Begin would have had no problem with giving up the Golan, which, according to this map, also does not belong to the country. But he was captivated by Ariel Sharon, who seduced him to invade Lebanon in order to annihilate the PLO, hiding from him his second objective: to knock out Syria. (As is well known, both objectives failed.)
In the meantime, a new generation has grown up, one that does not know Jabotinsky and his map. In the consciousness of the Israeli Right, a new map has taken shape: the East Bank of the Jordan has been taken out, the Golan has been put in. But in its center there lies, as always, the West Bank.
The Paradox of Place
Before the Six-Day War, the British historian of the Crusades, Steven Runciman, told me that we live in a paradox: “Israel was founded in the land that once belonged to the Philistines, while the Palestinians, who got their name from the Philistines, live in the land that belonged to the ancient Kingdom of Israel.” The borders between the State of Israel, the West Bank and the Gaza Strip were laid down by the war of 1948.
Since then, The State of Israel has been working hard to eliminate this paradox.
Everything significant that is happening nowadays is a part of the Israeli effort to take over the West Bank and to turn it into a part of the State of Israel. All else is but foam on the water.
The pathetic Condoleezza Rice keeps coming and going. Ehud Olmert is formulating a document without content in order to create the illusion of progress towards the creation of a Palestinian state next to Israel. Israeli airplanes bombard a Syrian area in order to eliminate a threat of “weapons of mass destruction”. Israel prepares to bomb or not to bomb nuclear installations in Iran. President Bush is calling for an “international meeting” at an unknown date, with unknown participants for an unknown purpose.
All this is imagined reality. The real reality is unfolding on the ground, every day, every hour: nightly incursions in West Bank towns, frantic building in the settlements, enlargement of the “Israelis only” road network, further additions to the 600 or so existing roadblocks, worsening of the living conditions in the Palestinian ghettos in the West Bank and turning life in the Gaza Strip into hell.

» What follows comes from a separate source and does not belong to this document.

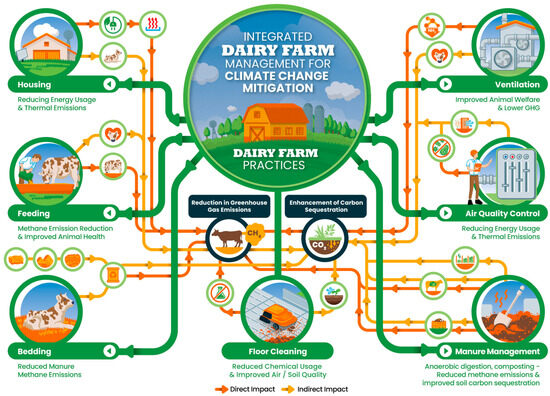 Innovative Strategies for Sustainable Dairy Farming in Canada amidst  Climate Change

This is the real war: the war for “the whole of the Land of Israel” – a war that has disappeared from public discourse, but that is being waged energetically, far from the eyes of Israelis living only 20 minutes drive from there. The Palestinians are fighting with their meager means but with dogged obduracy.
If a historic compromise between the peoples is not achieved, this war will go on for generations. A boy born today will join the war on his 18th birthday, like the boys born 18 years ago, and his father, like those before him, will bury him.
The Yom Kippur War was only a small episode in this campaign. It was fought in the North and the South, against the Syrians and the Egyptians. The Palestinians were not involved. But no one doubted for a moment that it was a part of the Israeli-Palestinian conflict.